I'm not so sure that cross-country trips with BEVs will be practical for some time, unless folks accept the savings in-town to pay for the rapid charging on long trips.
You're guite right that long trips with BEVs will depend upon an installed base of rapid recharge stations. As gadget_lover pointed out, the economics for that might not exist for a while. However, on a more positive note the majority of car trips are well within the feasible range of BEVs so I'll accept that a small minority of longer trips will still need to be made with ICEs for a while. Another thing really worth thinking about here is that, in all honesty, a car is really not the best means of traveling long distance. It's too cramped, too slow, too unsafe, there are no bathroom facilities on board, you need frequent stops to refuel, etc. The best idea would be to build high-speed rail to take care of the long distance part, and have BEV rentals at the train stations to cover the last 50 miles or so to the final destination. This offers higher overal average speeds, much better safety, and much better comfort. As a bonus it gets rid of all short distance and most medium distance air travel, saving yet more fuel (plus noise pollution).

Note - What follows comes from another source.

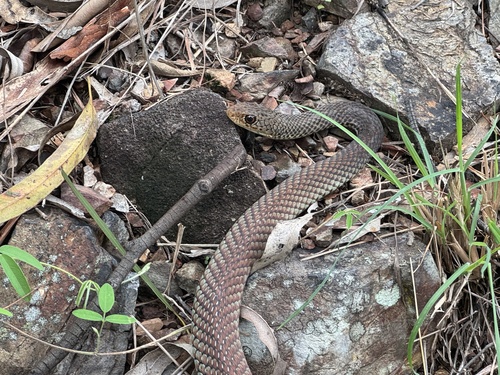 Lesser Black Whipsnake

The thought of sitting in a car for a 1000 mile trip frankly makes me nauseous (going 400 miles to Montreal in 1973 just about pushed my limits for car travel). I'd rather take a 45 minute subway ride to Penn Station, catch a high-speed train for a 6 hour journey to cover most of the 1000 miles, and then rent a BEV to go the last few dozen miles to wherever I'm going. Cars as a rule are just too claustrophobic and bounce around too much to be comfortable on trips longer than about an hour. This isn't even getting into the nauseating fumes from the other traffic that enters into the passenger cabin.